Lake Taihu (30°55′N–31°34′N, 119°53′E–120°36′E), China’s third-largest freshwater lake, is located at the center of the Yangtze River Delta. The basin is one of the country’s most economically developed regions, with its population in 2024 accounting for 4.9% of China’s total and its GDP contributing 10.1% to the national economy [38], reflecting the intensity of human activities. The region experiences a subtropical monsoon climate with distinct seasons, abundant warmth, and plentiful rainfall. The long-term mean temperature ranges from 15 to 17 °C, and the average annual precipitation is approximately 1177 mm. Lake Taihu supports three primary life forms of aquatic vegetation—submerged, floating-leaved, and emergent species—showing a spatial pattern of sparse growth in the northern and western zones, while being widely distributed across the northeastern, eastern, and southern parts of the lake [39]. Given its large surface area, complex aquatic vegetation community, and the coexistence of intensive human activities with relatively complete lake ecosystems, Lake Taihu serves as a representative site for exploring the interactions between anthropogenic disturbances and aquatic vegetation dynamics in the Yangtze River Basin.

2.2. Image Data

The remote sensing data utilized in this study primarily consist of images from the GF-1/6 WFV and HJ-2A/B CCD satellites. GF-1, launched in April 2013, and GF-6, launched in June 2018, are both equipped with WFV sensors offering a spatial resolution of 16 m. Each satellite has an individual revisit period of 4 days, which shortens to 2 days when operating in tandem. Similarly, the HJ-2A and HJ-2B satellites, launched in September 2020, carry CCD sensors with multispectral bands of the same 16 m spatial resolution and a 4-day revisit cycle, reduced to 2 days in dual-satellite operation. When these four satellites function together as a complete observation network, the theoretical revisit frequency can be further improved to once per day. Taking Lake Taihu from April to October 2024 as an example (Figure 2). Over a total observation period of 214 days, complete satellite coverage was achieved on 173 days, of which 21 days provided high-quality imagery characterized by minimal cloud cover and sun glints.

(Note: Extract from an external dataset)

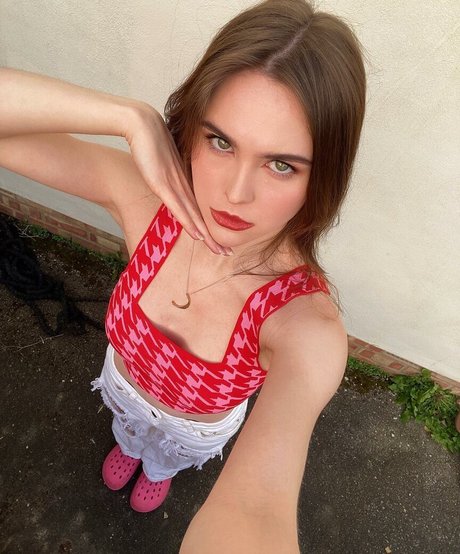 Frankie Lollia erotic model pic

The spectral bands for each sensor are listed in Table 2. This study mainly utilized the common spectral bands shared by all sensors—the blue (B1), green (B2), red (B3), and near-infrared (B4) bands—for analytical purposes. All satellite imagery used in this research is available from the China Centre for Resources Satellite Data and Application (CRESDA) (https://data.cresda.cn/#/home, accessed on 1 April 2025).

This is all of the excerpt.